I'd like to ask you first about your current film, "The Nightshift Belongs to the Stars," which was just shown at the Tribeca Film Festival. How did this project come about, and how are audiences reacting?
It's been an absolute success. The film has been screening around the world with great emotion by audiences, which is inspired by the poetic landscape and what the characters are going through with the subject of organ donation. A man is given the heart of a woman and the two characters vow to climb the Dolomites together if they make it to 6 months. The great Neapolitan writer, Erri De Luca wrote the screenplay. He was familiar with my work and sent me the script, and I fell in love with it. The genesis for him is he is a mountan climber, one of the few over 60, and actually had a heart attack while climbing in the Dolomites.
What is the message that you would like to communicate through this film?
The message is one of hope and courage and that as long as you have one heart beat left in your heart, it's not too late to follow your dreams or rediscover an old love. As long as you have one heart beat left, it's never too late.
You wrote and directed your 2002 film, "Between Strangers." Do you enjoy writing, or is your true passion, directing?
Filmmaking is a multi-diverse experience. Writing and directing are very different; they come from two different parts of the heart. Writing is similar to shadow boxing.. you have to confront yourself, I am more comfortable being a co-writer. I prefer the collaboration of writing. As a director, you have to be able to ride all these different disciplines. The common thread is communication.
Let's talk about your family. What was it like growing up with two icons as parents? Did you feel like a regular kid, or did you feel that there was really something extraordinary about your household and your childhood?
It was extraordinary how ordinary my childhood was. That's from the intellegence of my parents. We were not a true Hollywood family. We had a group of friends that had nothing to do with film. We were raised to stay grounded and to never take anything for granted.
Your mother and your wife have had leading roles in your films. What are those collaborations like?

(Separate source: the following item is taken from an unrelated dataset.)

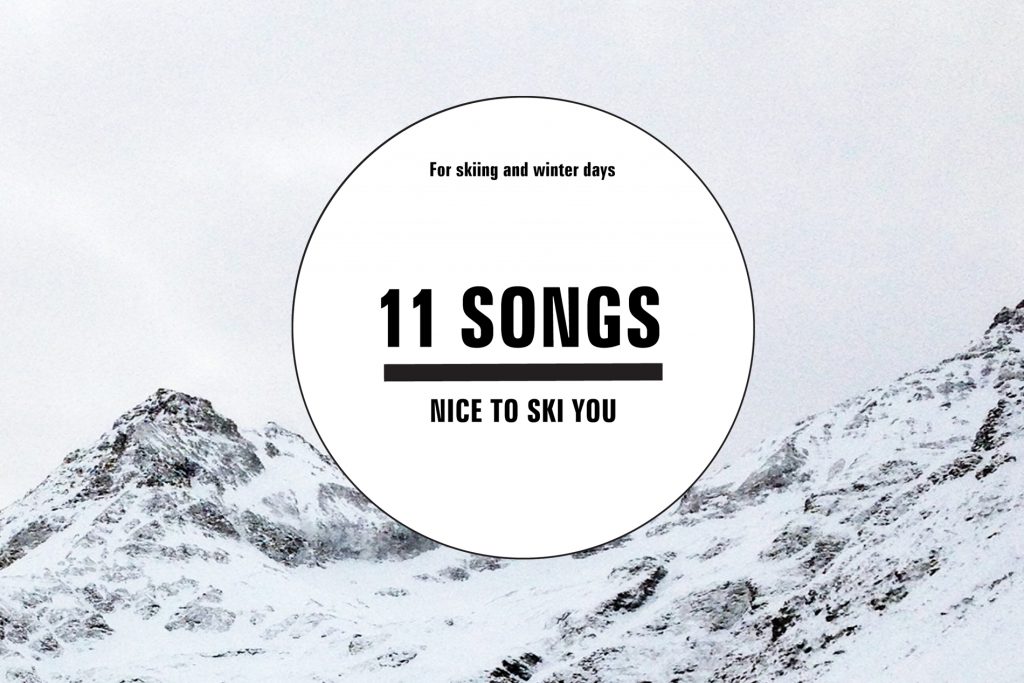 11 songs for skiing and winter days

My father produced many of my mother's films, so working with loved ones is natural for us. They are actors that I admire and they are part of my family, so it's quite natural for me and it's helpful in finding the right words to communicate. The lines of communication are already well-oiled and open.
I grew up watching your mother in films. I've seen her interviews, cooked recipes from her cookbook, and adored her for as long as I can remember. Tell me something, please, about Sophia Loren; the mother, the person and the woman when the cameras are off.

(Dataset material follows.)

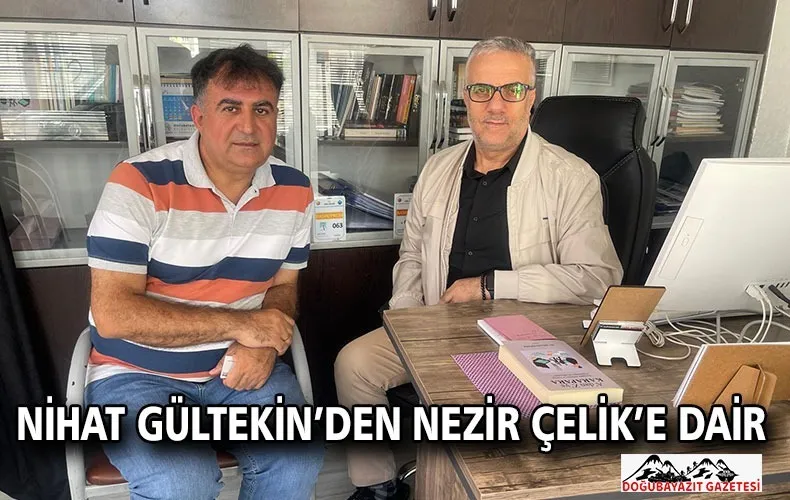 HALKIN HAFIZASI: NEZİR ÇELİK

What's amazing is how grounded she is. She never allowed us to be seduced by her success or believe in the glamour of her profession. She is a woman who lives for her family and for her own personal growth. She has an enormous appetite to work and to tackle roles that she has not yet tackled. It is beautiful for us to look up to our mother and admire the woman that she is.. and I truly do. She is an exceptional human being.

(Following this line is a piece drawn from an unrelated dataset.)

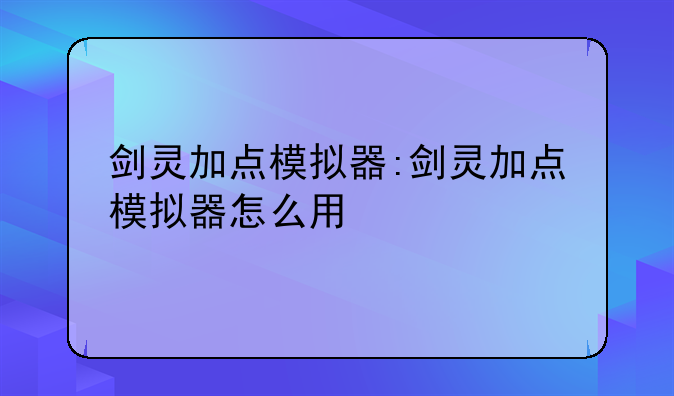 剑灵加点模拟器:剑灵加点模拟器怎么用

You've had several roles throughout your lifetime: the son of icons, brother, husband, father, filmmaker. Do you feel that any of those roles stand out in defining you?
The sum of everything I have is the total of everything I've done. There is no question that the most important role is my role as father. In the end, I am putting into the world two people and I am responsible in helping them grow up and also giving them enough space to be become their own people. It's a big responsibility.
Edoardo Ponti's 2002 film "Between Strangers," starring Sophia Loren, Mira Sorvino and Deborah Kara Unger, is the story of how three women deal with their personal demons.